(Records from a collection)

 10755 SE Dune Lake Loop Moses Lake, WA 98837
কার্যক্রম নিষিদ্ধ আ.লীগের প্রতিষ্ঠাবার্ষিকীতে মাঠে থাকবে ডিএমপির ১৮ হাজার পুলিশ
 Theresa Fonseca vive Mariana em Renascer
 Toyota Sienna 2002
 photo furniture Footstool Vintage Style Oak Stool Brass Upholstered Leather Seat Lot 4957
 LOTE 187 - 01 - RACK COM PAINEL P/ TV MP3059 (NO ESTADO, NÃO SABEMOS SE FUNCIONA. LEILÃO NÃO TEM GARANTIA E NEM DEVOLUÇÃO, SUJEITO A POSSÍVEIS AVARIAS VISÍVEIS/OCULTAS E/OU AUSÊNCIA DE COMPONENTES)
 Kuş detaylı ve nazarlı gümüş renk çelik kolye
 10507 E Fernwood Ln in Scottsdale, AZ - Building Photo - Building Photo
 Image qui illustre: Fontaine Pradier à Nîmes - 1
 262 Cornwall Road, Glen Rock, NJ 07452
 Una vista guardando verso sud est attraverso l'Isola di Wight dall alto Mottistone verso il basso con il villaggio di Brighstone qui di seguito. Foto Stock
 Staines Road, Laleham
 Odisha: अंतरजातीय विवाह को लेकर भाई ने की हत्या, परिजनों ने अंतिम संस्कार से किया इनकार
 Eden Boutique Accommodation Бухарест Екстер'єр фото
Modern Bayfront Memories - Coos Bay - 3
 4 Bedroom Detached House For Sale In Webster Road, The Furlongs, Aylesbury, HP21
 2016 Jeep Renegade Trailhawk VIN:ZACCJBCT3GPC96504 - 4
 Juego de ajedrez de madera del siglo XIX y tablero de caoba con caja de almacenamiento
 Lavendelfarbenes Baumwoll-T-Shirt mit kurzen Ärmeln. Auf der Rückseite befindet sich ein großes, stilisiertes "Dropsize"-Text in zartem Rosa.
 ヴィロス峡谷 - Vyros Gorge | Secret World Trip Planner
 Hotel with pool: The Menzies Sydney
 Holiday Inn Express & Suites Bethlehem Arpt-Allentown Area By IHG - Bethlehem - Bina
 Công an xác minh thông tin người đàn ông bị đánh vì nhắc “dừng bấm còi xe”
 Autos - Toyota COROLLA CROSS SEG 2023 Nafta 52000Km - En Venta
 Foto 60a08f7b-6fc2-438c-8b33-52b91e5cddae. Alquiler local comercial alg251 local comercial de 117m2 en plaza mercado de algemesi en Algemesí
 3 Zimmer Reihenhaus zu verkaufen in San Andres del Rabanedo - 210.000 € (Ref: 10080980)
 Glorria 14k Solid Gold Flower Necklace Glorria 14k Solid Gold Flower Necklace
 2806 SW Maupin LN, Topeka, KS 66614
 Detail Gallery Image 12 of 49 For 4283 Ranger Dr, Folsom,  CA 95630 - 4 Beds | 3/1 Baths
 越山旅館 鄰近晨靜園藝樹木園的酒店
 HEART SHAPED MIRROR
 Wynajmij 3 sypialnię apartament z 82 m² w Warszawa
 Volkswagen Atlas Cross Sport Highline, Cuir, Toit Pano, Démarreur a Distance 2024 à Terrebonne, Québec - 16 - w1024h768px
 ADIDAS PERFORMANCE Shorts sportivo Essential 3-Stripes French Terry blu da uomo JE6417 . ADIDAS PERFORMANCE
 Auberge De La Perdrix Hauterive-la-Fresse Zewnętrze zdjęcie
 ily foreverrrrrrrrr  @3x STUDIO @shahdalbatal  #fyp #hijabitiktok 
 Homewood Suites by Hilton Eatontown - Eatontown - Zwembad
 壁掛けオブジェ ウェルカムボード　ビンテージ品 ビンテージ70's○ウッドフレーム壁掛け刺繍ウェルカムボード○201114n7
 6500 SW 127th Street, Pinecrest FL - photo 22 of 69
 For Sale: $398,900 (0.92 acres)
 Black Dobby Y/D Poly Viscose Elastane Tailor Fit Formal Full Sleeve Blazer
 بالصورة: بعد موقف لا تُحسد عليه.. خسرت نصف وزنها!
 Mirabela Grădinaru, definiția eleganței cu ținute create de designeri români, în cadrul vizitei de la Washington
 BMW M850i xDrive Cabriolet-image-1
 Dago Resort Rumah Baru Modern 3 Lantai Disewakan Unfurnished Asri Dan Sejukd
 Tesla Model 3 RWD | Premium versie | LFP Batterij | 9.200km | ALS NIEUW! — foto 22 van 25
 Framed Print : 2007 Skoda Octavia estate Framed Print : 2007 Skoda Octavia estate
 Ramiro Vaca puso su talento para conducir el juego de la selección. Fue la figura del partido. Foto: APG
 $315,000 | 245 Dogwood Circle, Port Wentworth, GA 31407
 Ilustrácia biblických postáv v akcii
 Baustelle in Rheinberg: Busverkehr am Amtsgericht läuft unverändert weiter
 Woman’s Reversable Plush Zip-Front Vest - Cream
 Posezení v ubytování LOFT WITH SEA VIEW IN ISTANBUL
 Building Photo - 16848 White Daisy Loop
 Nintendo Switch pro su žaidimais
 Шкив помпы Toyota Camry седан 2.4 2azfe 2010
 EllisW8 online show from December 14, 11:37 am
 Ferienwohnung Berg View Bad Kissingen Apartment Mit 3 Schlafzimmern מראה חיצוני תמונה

## Work instructions
Only the lines with "Loop" are needed; find them in the records and copy each one.

## The answer
 10755 SE Dune Lake Loop Moses Lake, WA 98837
 Building Photo - 16848 White Daisy Loop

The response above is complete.